No single person invented the metric system. It emerged from collaborative efforts by scientists and governments, primarily in France during the late 18th century amid the French Revolution's push for rational standards.

Early Pioneers

Gabriel Mouton, a French abbot and astronomer, proposed a decimal-based system in 1670, tying length to Earth's circumference for universal use.

John Wilkins, an English clergyman, outlined a similar integrated system of measures just two years earlier in 1668, influencing later ideas.

These weren't fully metric but laid decimal groundwork, as Europe grappled with chaotic local units hindering trade and science.

French Revolution Catalyst

In 1790, France's National Assembly tasked the Academy of Sciences with creating an invariable system based on natural constants like Earth's meridian.

Astronomers Jean-Baptiste Delambre and Pierre Méchain surveyed from Dunkirk to Barcelona (1792-1798) to define the meter as one ten-millionth of the quadrant from pole to equator.

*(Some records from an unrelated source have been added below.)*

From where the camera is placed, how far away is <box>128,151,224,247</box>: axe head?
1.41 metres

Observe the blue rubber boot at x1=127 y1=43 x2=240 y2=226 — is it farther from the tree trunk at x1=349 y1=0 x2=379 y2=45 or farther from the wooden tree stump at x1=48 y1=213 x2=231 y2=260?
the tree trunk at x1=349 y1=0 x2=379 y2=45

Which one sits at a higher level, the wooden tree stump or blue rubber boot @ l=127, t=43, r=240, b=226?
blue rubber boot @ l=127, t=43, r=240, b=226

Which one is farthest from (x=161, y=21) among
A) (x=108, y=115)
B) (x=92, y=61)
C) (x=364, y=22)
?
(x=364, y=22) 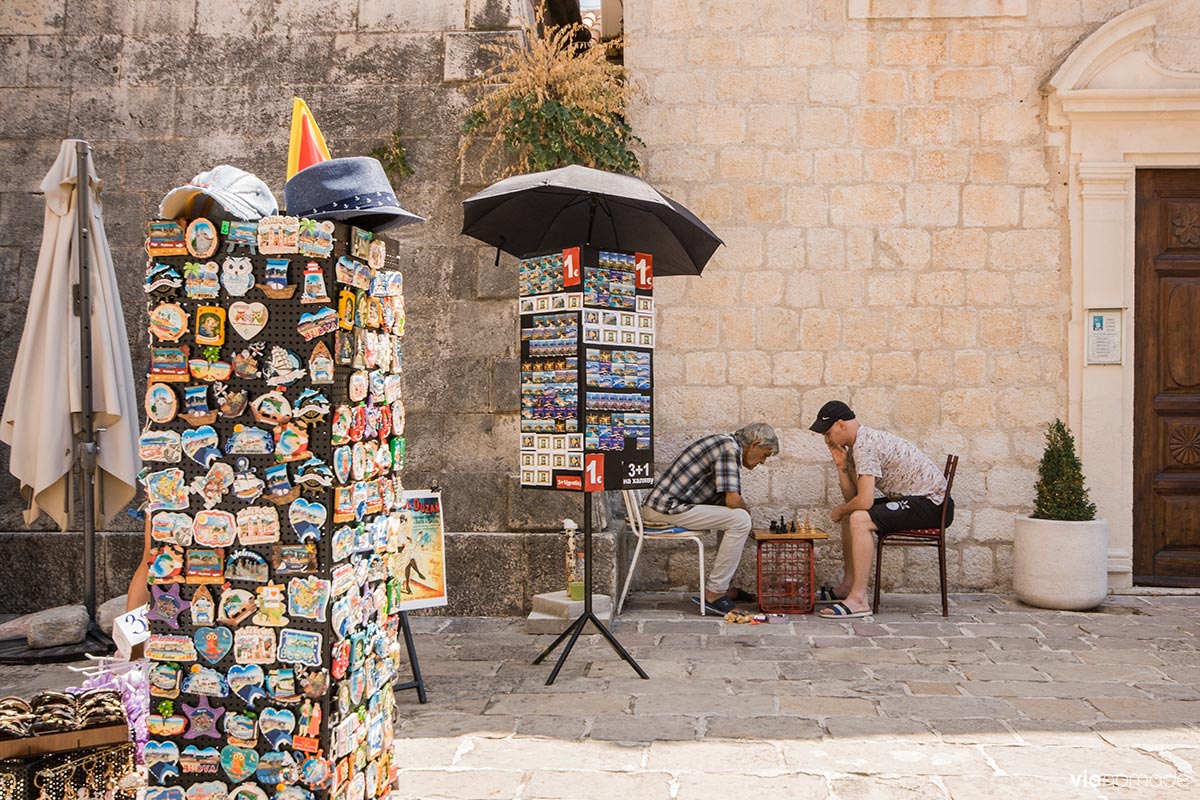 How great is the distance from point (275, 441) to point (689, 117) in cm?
475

The system launched in 1795, with the gram (water's cubic centimeter) and liter following; Napoleon made it compulsory by 1799 despite initial resistance.

Key Milestones

  • 1668 : Wilkins proposes pendulum-based universal units.
  • 1670 : Mouton's Earth-arc decimal proposal.
  • 1790 : French Assembly's call for standards.
  • 1795 : Official adoption in France.
  • 1799 : Napoleon enforces it nationwide.
  • 19th Century : Evolves into SI with Maxwell's base units.

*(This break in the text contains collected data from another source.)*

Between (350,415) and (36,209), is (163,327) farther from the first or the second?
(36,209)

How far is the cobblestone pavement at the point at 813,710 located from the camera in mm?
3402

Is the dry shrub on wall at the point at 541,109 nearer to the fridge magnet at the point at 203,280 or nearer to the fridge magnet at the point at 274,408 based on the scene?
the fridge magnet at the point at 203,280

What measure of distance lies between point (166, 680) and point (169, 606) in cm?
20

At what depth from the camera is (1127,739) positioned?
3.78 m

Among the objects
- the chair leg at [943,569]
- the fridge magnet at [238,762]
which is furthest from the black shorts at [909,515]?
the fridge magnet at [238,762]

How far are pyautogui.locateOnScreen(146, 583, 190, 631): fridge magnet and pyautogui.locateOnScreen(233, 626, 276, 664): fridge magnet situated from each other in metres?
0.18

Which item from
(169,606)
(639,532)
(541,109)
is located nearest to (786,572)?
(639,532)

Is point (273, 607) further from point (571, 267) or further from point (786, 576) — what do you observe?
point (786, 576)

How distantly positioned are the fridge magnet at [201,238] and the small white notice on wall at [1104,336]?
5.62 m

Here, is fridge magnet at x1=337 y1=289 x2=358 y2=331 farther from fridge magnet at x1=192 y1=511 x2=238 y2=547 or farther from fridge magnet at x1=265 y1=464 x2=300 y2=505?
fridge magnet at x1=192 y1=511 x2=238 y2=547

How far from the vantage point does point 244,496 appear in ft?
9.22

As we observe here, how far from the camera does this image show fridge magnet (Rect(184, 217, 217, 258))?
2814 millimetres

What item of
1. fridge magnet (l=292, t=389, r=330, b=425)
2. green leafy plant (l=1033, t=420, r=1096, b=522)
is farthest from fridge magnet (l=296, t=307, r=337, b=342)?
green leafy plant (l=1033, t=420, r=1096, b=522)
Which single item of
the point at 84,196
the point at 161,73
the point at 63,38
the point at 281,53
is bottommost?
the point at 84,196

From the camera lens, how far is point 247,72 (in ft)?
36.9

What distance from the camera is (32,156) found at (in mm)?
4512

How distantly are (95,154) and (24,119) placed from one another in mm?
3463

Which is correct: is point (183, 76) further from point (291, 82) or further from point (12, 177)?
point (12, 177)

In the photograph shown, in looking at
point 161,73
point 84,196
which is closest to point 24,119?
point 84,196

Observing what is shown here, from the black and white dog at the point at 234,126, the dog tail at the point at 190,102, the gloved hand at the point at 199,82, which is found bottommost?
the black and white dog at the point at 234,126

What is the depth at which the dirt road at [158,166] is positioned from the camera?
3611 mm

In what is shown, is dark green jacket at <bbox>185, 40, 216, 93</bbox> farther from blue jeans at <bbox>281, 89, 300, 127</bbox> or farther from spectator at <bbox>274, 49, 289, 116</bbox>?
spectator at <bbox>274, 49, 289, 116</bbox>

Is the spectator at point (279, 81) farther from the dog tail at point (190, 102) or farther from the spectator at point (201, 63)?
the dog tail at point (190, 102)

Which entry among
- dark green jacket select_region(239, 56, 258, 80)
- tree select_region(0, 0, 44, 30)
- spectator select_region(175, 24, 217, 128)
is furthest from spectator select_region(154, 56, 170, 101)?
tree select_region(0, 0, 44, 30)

Evolution and Global Spread

Refinements continued—James Clerk Maxwell envisioned coherent base units (length, mass, time) mid-1800s, addressing electromagnetism needs.

Today, the International System of Units (SI), refined in 1960, powers 95% of nations, though U.S. customary units linger.

Imagine pre-metric chaos: a "pound" varying by region, stalling Enlightenment progress—metric's decimal logic changed that forever.

TL;DR: French scientists and revolutionaries built it collectively post-1790, inspired by Mouton and Wilkins; no lone inventor.